▶ [EXERCISE DESCRIPTION]:
Pictures in the records below must be left out. Return exactly the lines from the line with "Rae Dunn White" to the line with "Campi Liberi in", both included.

▶ [RECORDS FOR THE EXERCISE]:
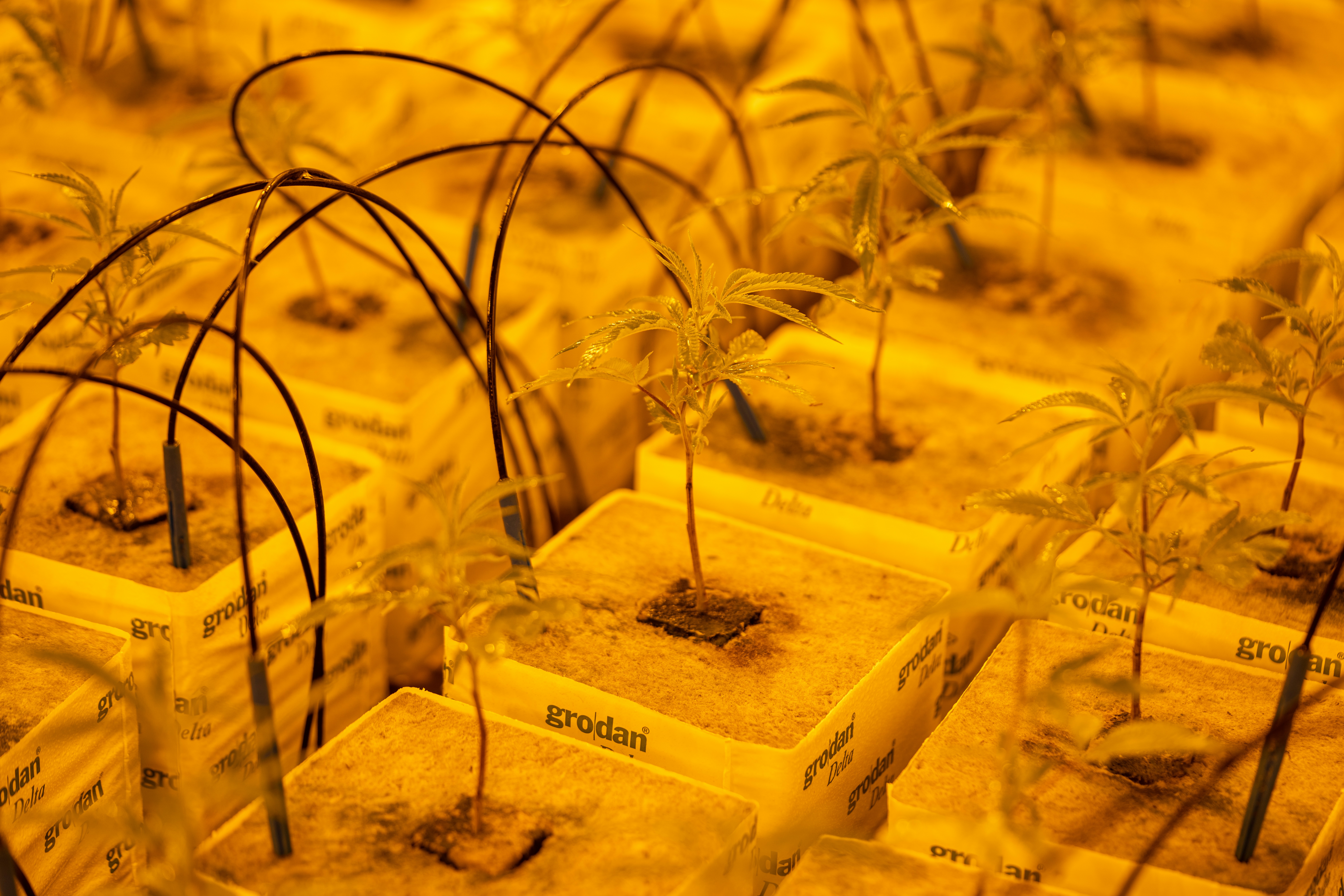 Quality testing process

* * *

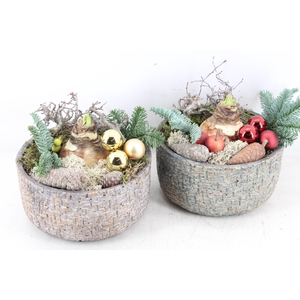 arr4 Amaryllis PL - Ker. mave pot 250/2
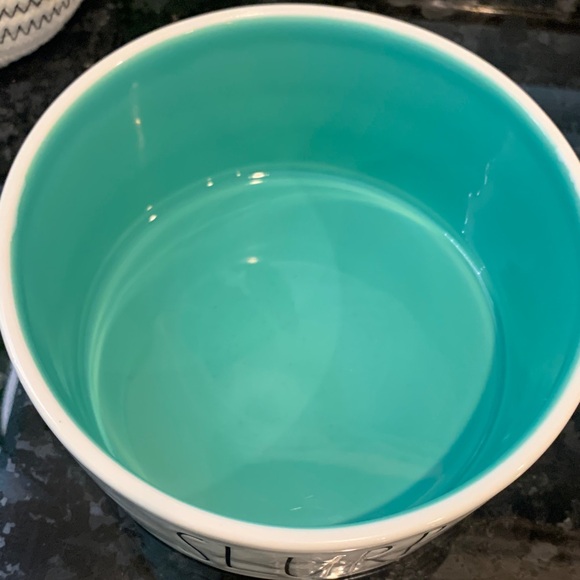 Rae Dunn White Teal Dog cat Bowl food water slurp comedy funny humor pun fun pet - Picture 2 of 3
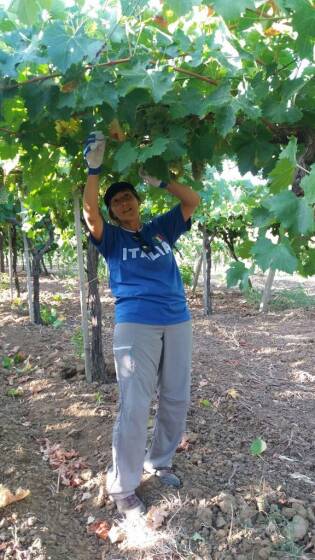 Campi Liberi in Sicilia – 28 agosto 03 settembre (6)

==

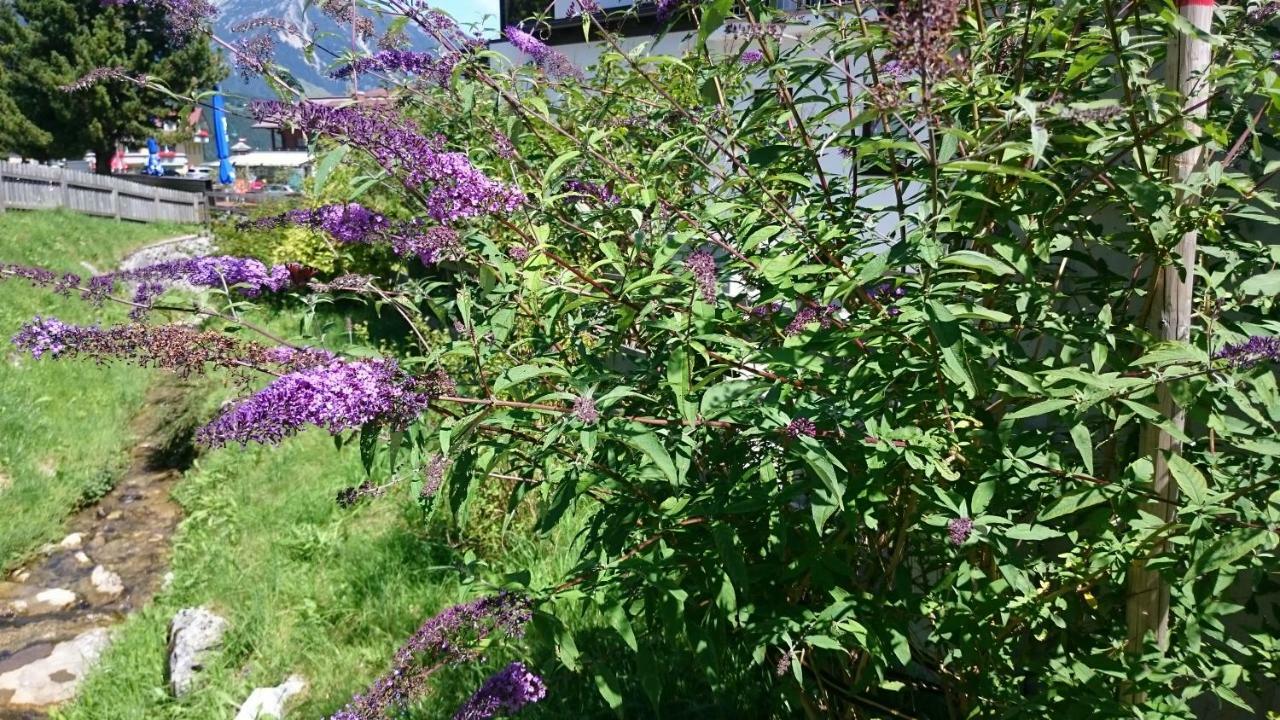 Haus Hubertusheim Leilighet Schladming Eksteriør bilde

▶ [OUTPUT OF THE EXERCISE]:
 Rae Dunn White Teal Dog cat Bowl food water slurp comedy funny humor pun fun pet - Picture 2 of 3
 Campi Liberi in Sicilia – 28 agosto 03 settembre (6)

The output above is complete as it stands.